Undergraduate Student

A student who is enrolled in a program that leads to a certificate or a bachelors degree.

Unmet Need - In an ideal world, the FAO would be able to provide each student with the full difference between their ability to pay and the cost of education. Due to budget constraints the FAO may provide the student with less than the student's need (as determined by the FAO). This gap is known as the unmet need.

Unsubsidized Loan

A loan for which the government does not pay the interest. The borrower is responsible for the interest on an unsubsidized loan from the date the loan is disbursed, even while the student is still in school. Students may avoid paying the interest while they are in school by capitalizing the interest, which increases the loan amount. Unsubsidized loans are not based on financial need and may be used to finance the family contribution. See Stafford Loans for information about unsubsidized Stafford Loans. See also Subsidized Loan.

Verification

Verification is a review process in which the FAO determines the accuracy of the information provided on the student's financial aid application. During the verification process the student and parent will be required to submit documentation for the amounts listed (or not listed) on the financial aid application. Such documentation may include signed copies of the most recent Federal and State income tax returns for you, your spouse (if any) and your parents, proof of citizenship, proof of registration with Selective Service, and copies of Social Security benefit statements and W2 and 1099 forms, among other things.

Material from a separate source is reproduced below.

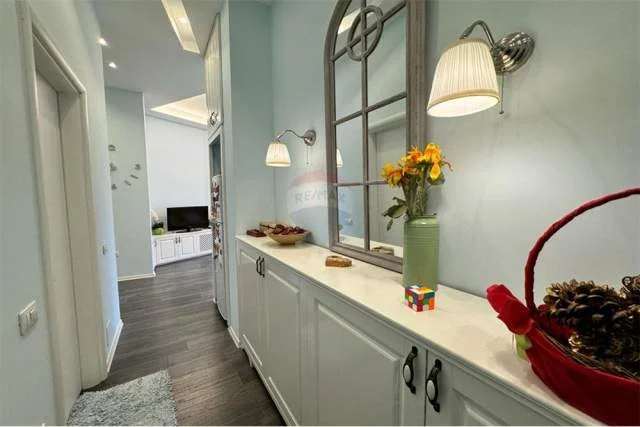 Tirane, jepet me qera apartament 2+1 Kati 10, 99 m² 600 Euro (Rruga Ndre Mjeda)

Financial aid applications are randomly selected by the Federal processor for verification, with most schools verifying at least 1/3 of all applications. Students that are selected to be verified will receive notification of what documents need to be submitted to the Financial Aid Office.

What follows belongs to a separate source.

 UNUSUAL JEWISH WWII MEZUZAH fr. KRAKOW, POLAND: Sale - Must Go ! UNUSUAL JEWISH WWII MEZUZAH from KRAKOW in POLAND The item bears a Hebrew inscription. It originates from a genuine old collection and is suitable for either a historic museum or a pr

If any discrepancies are uncovered during verification, the financial aid office may require additional information to clear up the discrepancies. Such discrepancies may cause your final financial aid package to be different from the initial package described on the award letter you received from the school.

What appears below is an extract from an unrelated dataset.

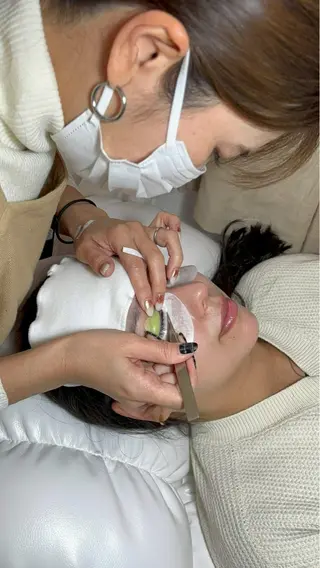 マツエク・マツパ ヴェラール難波所属・秋山 愛香のマツエク・マツパデザイン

If you refuse to submit the required documentation, your financial aid package will be cancelled and no aid awarded.

Veteran

For Federal financial aid purposes such as determining dependency status, a veteran is a person who (1) engaged in active duty in the U.S. Armed forces (Army, Navy, Air Force, Marines or Coast Guard) or are a National Guard or Reserve enlistee who was called to adctive duty for purposes other than training, or were a cadet or midshipman at one of the service academies, and (2) were released under a condition other than dishonorable.

Having a DD-214 does not necessarily mean that you are a veteran for financial aid purposes. As noted above, you must have served on active duty and received an honorable discharge.

W2 Form

The form listing an employee's wages and tax withheld. Employers are required by the IRS to issue a W2 form for each employee before February 28.

Ward of the Court

A ward of the court is someone under the protection of the courts. The ward of the court may have a guardian appointed by the court. The legal guardian is not personally liable for the ward's expenses and is not liable to third parties for the ward's debts.

The key issue for financial aid purposes is that when a child becomes a ward of the court, no parent or other person is financially responsible for the child. Legal guardians and foster parents are not financially responsible for a ward of the court. Adoptive parents, on the other hand, are financially responsible for the child.

A student who declares themselves a ward of the court may be asked to provide documentation to certify their status.